*** Data records Section Begins ***

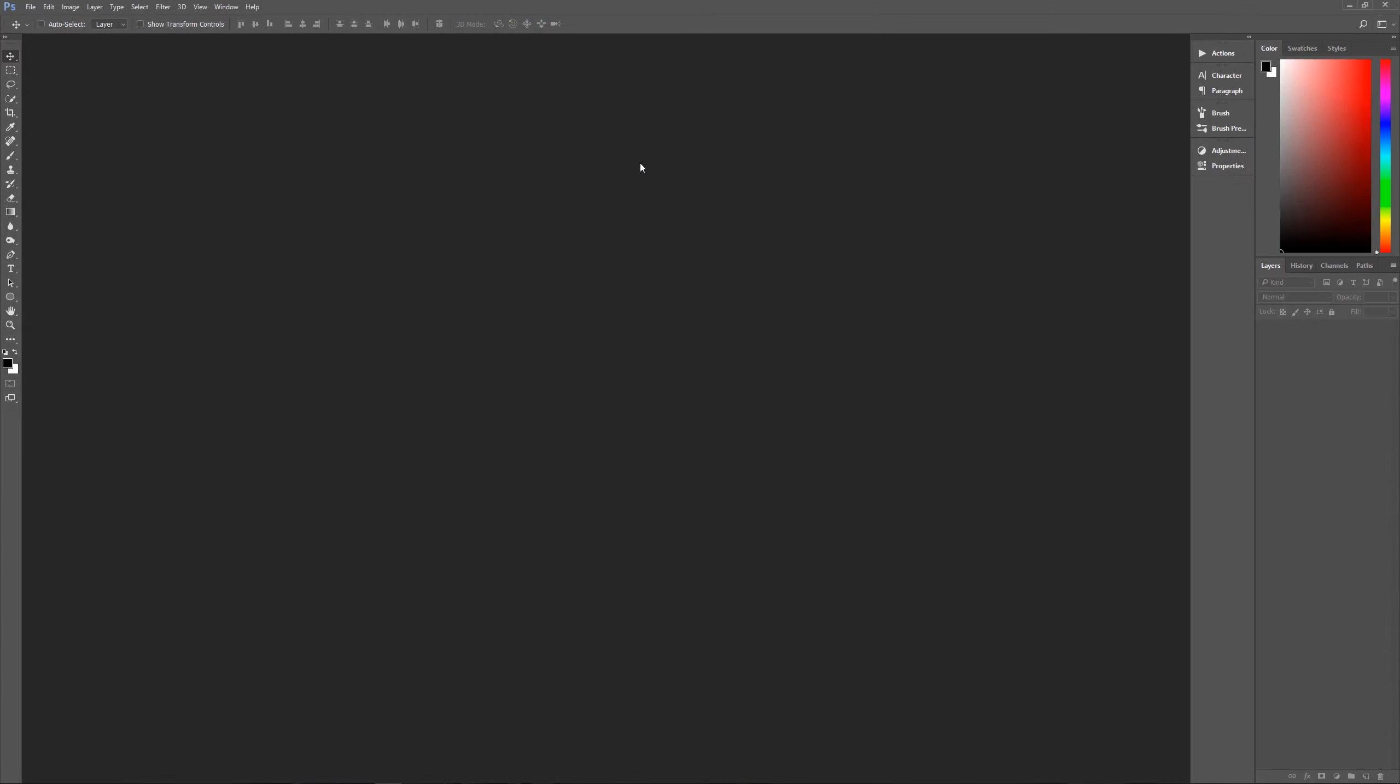Now a couple of assumptions I need to get out of the way right off the bat. Number one, I'm using Photoshop CC 2017. If you're using an earlier version of Photoshop, some of the effects may not work as expected. Second, I am using Windows. So if you're using a Mac, when I say hit the control key on the keyboard, that means hit the command key. And when I say hit the alt key on the keyboard, that means hit the option key.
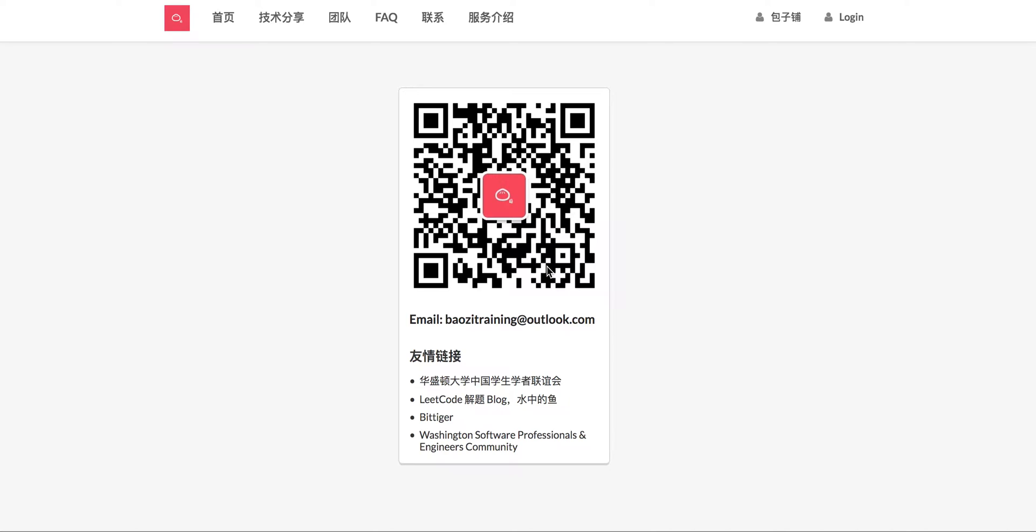And also this is as usual, this is our WeChat, Bowser training WeChat QR code. Feel free to scan it in your WeChat app.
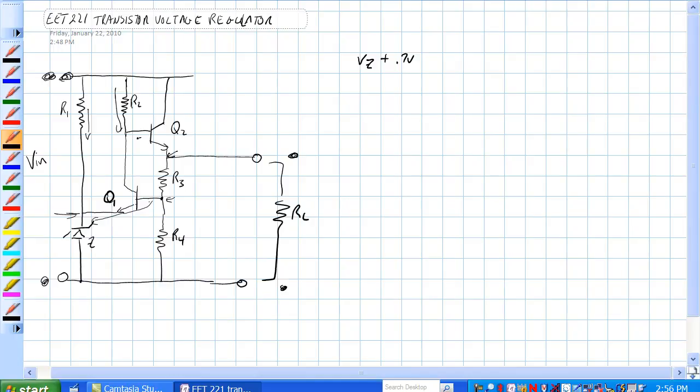This transistor being more conductive would cause more current here through R2, which would cause a greater IR drop across R2, a voltage drop across R2, causing this voltage here to decrease, this voltage here to decrease, to counteract the increase in voltage here.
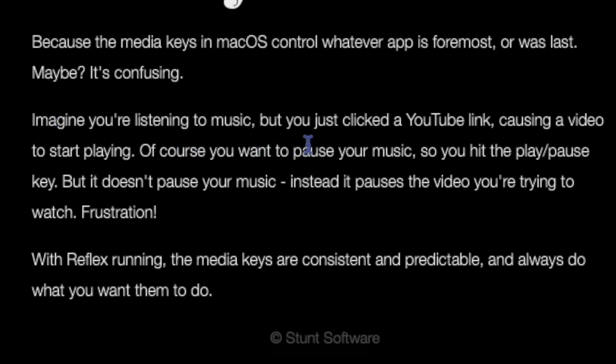Imagine you're listening to music but you just clicked a YouTube link, causing a video to start playing. Of course you want to pause your music, so you hit the play pause key, but it doesn't pause your music. Instead it pauses the video you're trying to watch.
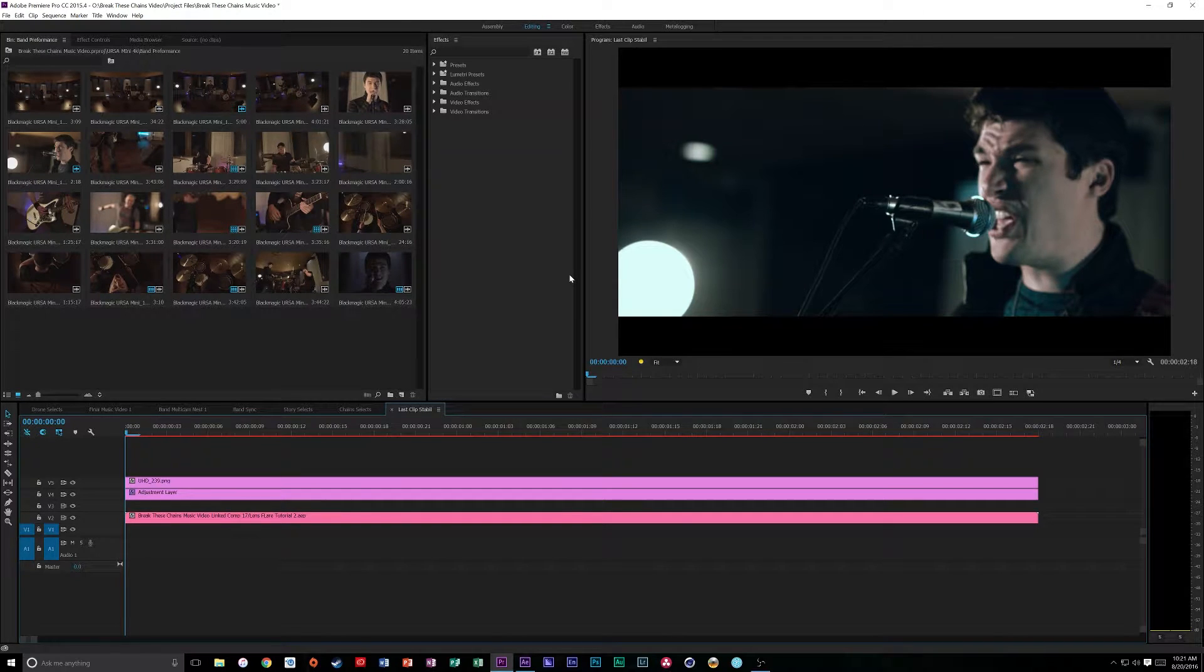Hey, what is up, guys? My name is Cameron Gallagher. I'm going to show you guys how to make an awesome lens flare that is super naturalistic and just looks amazing.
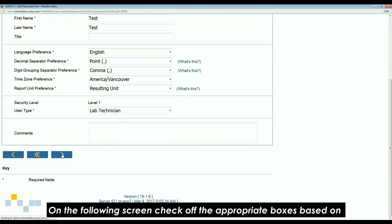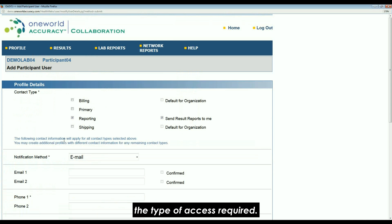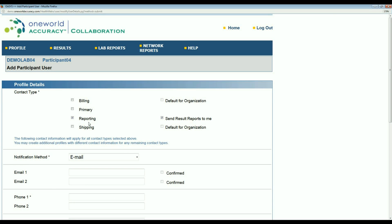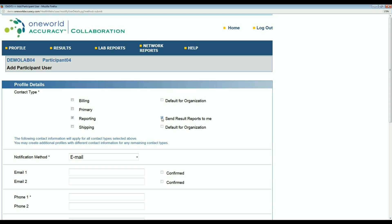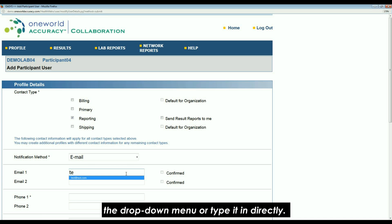On the following screen, check off the appropriate boxes based on the type of access required. If the user wants to submit results but does not want the reports, uncheck the send results report to me option. Enter all available contact information and select the address from the drop-down menu or type it in directly.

*** Data records Section Ends ***

◆ Your instructions
Copy word for word each line of the data above, from the first through the one containing "Imagine you're listening", and include no pictures.

◆ Final answer
Now a couple of assumptions I need to get out of the way right off the bat. Number one, I'm using Photoshop CC 2017. If you're using an earlier version of Photoshop, some of the effects may not work as expected. Second, I am using Windows. So if you're using a Mac, when I say hit the control key on the keyboard, that means hit the command key. And when I say hit the alt key on the keyboard, that means hit the option key.
And also this is as usual, this is our WeChat, Bowser training WeChat QR code. Feel free to scan it in your WeChat app.
This transistor being more conductive would cause more current here through R2, which would cause a greater IR drop across R2, a voltage drop across R2, causing this voltage here to decrease, this voltage here to decrease, to counteract the increase in voltage here.
Imagine you're listening to music but you just clicked a YouTube link, causing a video to start playing. Of course you want to pause your music, so you hit the play pause key, but it doesn't pause your music. Instead it pauses the video you're trying to watch.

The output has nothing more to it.